Judge says dealers can sue over Tesla's second Virginia store

A circuit judge in Virginia has allowed the state’s auto dealers group to proceed with an appeal that challenges the state’s approval for Tesla Inc. to open a second dealership in the state.
Tesla faces ongoing legal battles across the country over selling its cars online and through its own stores, not through franchised dealerships.
Virginia Circuit Judge Gregory Rupe, in a ruling filed Monday, approved the request of the Virginia Automobile Dealers Association to appeal the state’s decision, filed in 2016 by Richard Holcomb, Virginia Department of Motor Vehicles Commissioner. The judge said he would allow the suit to proceed, citing Virginia’s 452 car dealers as the “aggrieved party,” and said the association has legal standing to file its suit.

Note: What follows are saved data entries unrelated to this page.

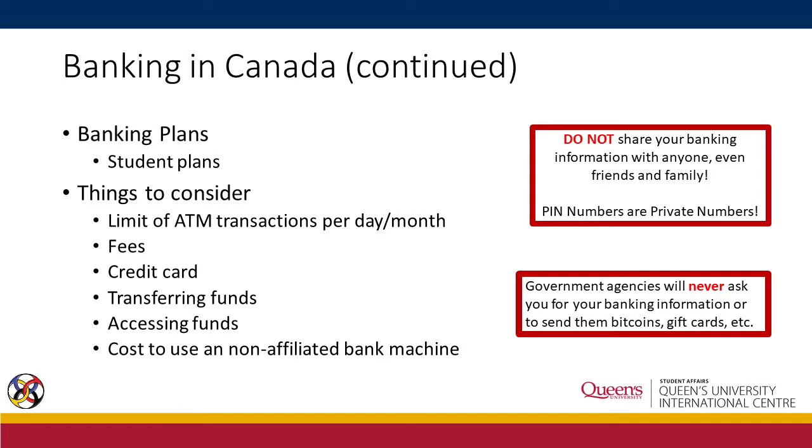There are an array of banking plans that you can choose from. There are some parameters to consider before choosing a banking plan, such as the limit of ATM transactions per day or month, the usual fees, credit card situation, transferring funds, accessing funds, and the cost to use a non-affiliated bank machine.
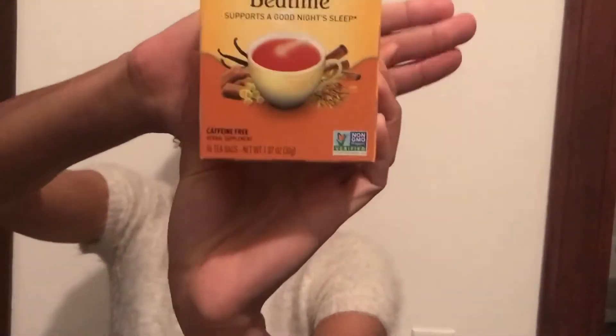This one's a bedtime tea — Soothing Caramel. It supports a good night's sleep and it's caffeine free. The ingredients are organic caramel flavor, natural vanilla flavor, cinnamon bark oil, cardamom seed oil, and ginger root oil. It just sounds tasty and nighttime-y.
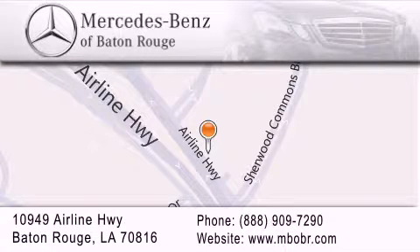To better serve you, Mercedes-Benz of Baton Rouge offers a world-class sales and service experience. Please contact us for your vehicle needs.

Rupe’s ruling also would allow the association to introduce two Virginia dealers as key witnesses in the case, which was previously prevented, according to Michael Charapp, an attorney representing the association in the case.
“We want Tesla to operate on the same basis of every other dealer in the state,” Charapp said. “Dealers understand how to serve their customers and protect their employees.”

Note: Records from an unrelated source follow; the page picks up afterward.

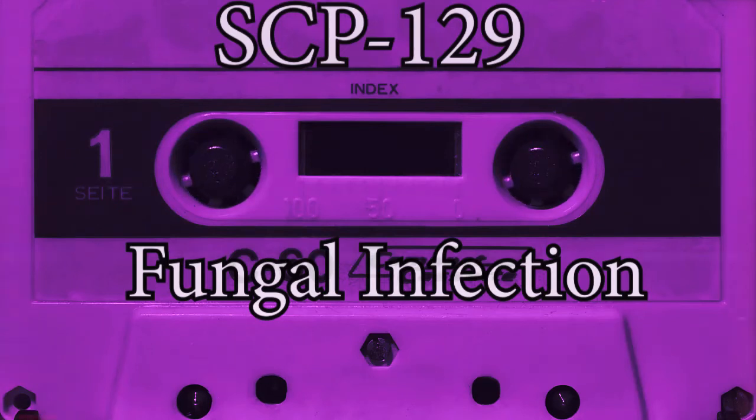Item Number: SCP-129. Object Class: Keter. Name: Progressive Fungal Infection.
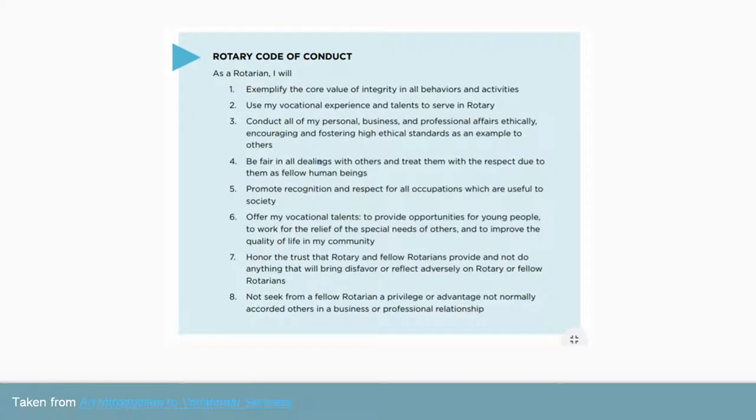For fun I looked at the code of conduct, which was cited in relation to vocational service. If we look at this code of conduct, we can strongly see the three key components: it talks about using vocational talents to serve in Rotary, conducting business ethically, promoting recognition and respect for all occupations, using vocational talents to provide opportunities for young people and for those who are marginalized, and not seeking special privileges in business and professional relationships — again, that high ethical standard.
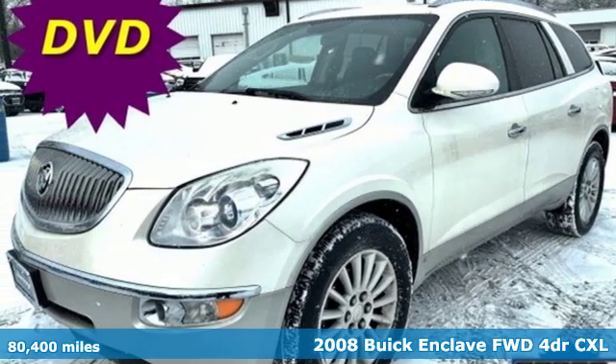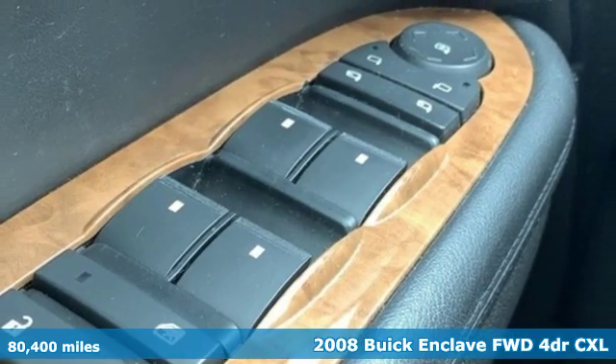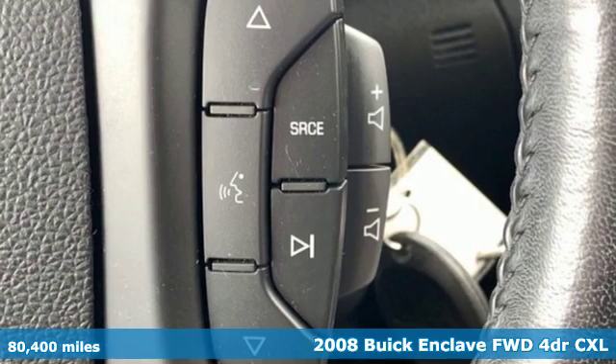Here's a 2008 Buick Enclave. Buick, expect more than you'd imagine. You'll look forward to every drive with features like these.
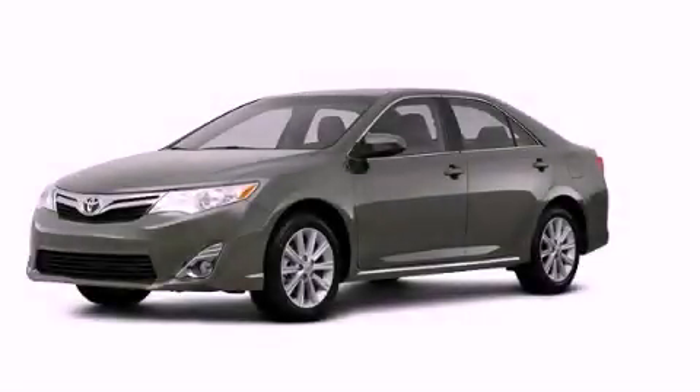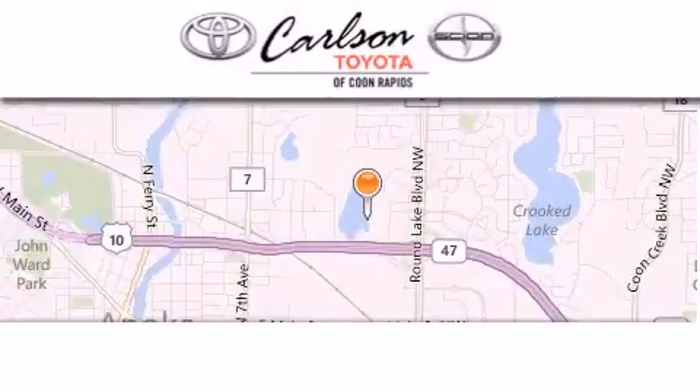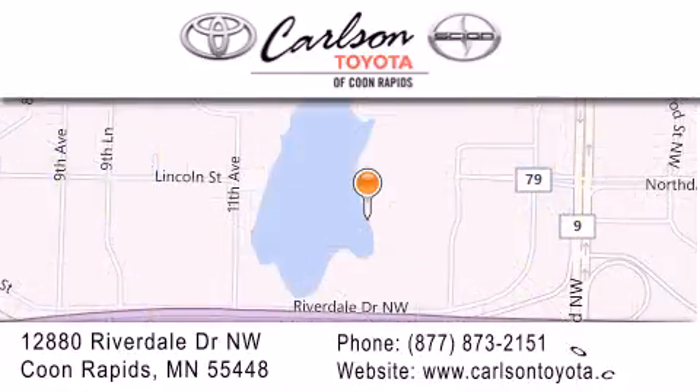Contact us today to schedule your opportunity to see this automobile in person. Carlson Toyota is located at 12880 Riverdale Drive Northwest in Coon Rapids. Our goal is to exceed all of your expectations to ensure that you'll return for future visits. Carlson Toyota — you're gonna love us.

In a statement emailed to Automotive News on Thursday, Tesla said it was “disappointed” by the court’s decision, but added the company will “remain fully committed to doing business in Virginia and serving the public interest in sustainable energy better than any franchise auto dealer could.”
‘Experimental’ store
Tesla won permission in November to open the second retail store in Virginia after Holcomb found that no dealers were equipped to sell the vehicles.

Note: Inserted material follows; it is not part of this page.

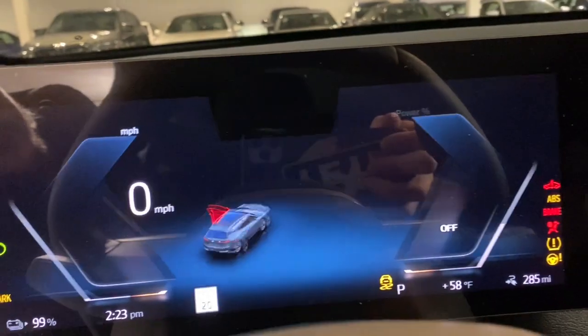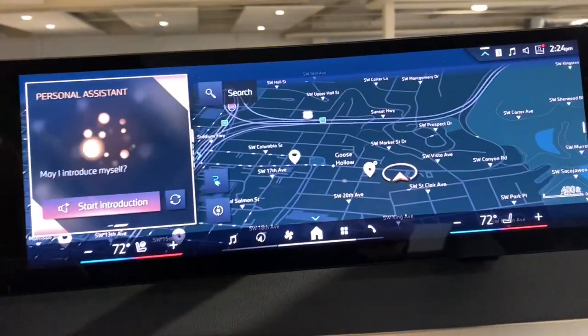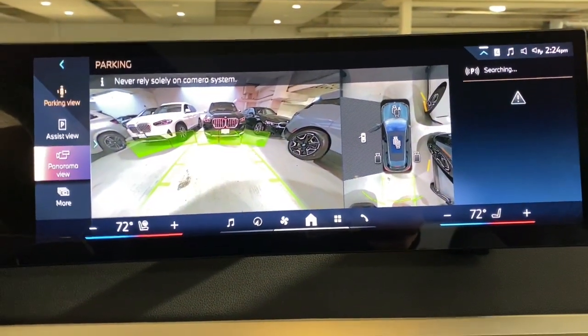Feel excited about the future in this brilliant iX. Treat yourself to a test drive today. Our staff will toss you the keys and give you an outstanding customer experience.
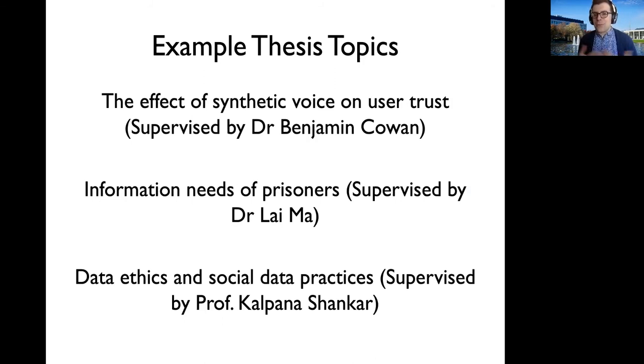We also have expertise in information needs — how we design systems for the information needs of different user groups, whether that's prisoners, children, or older adults. We also have expertise in social aspects of data gathering and data ethics within the school. Ultimately, the thesis topic is up to you in terms of what you want to focus on.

Charapp countered that at least 11 dealerships in Virginia are interested in selling Tesla vehicles.
Tesla’s first Virginia dealership, at Tysons Corner-Tyco Road in Vienna, Va., opened in 2015 as a 30-month “experimental” store, which is expected to near the end of its permit soon. The company also has a gallery location, which shows cars but can’t sell them, in McLean, Va.
Car dealers in Virginia and across the country see Tesla’s direct-to-consumers sales model as a danger to the franchise system, which they say protects consumers.
“There are reports that Tesla’s inventories are building up and they’re in massive price cutting campaign,” Charapp said. “Where does that leave customers who paid the full price before that because they thought they had to?”
The ruling won’t halt the opening of the store, where Tesla could start selling cars as soon as August. But it does allow the legal battle to continue. If Tesla loses, the automaker would then be forced to shut down the Richmond dealership.
“We are very confident that we’re going to win our appeal,” Charapp said. “The judge ignored the statute and all previous precedents.”
Tesla has argued that dealers, who are trained for quick sales, cost markups and money-making repair work, could not modify their practices for its cars. With new, highly complex technology, the EVs require more time-consuming sales. And with fewer moving parts, there’s little room for profit from service — a source of revenue for many traditional dealers.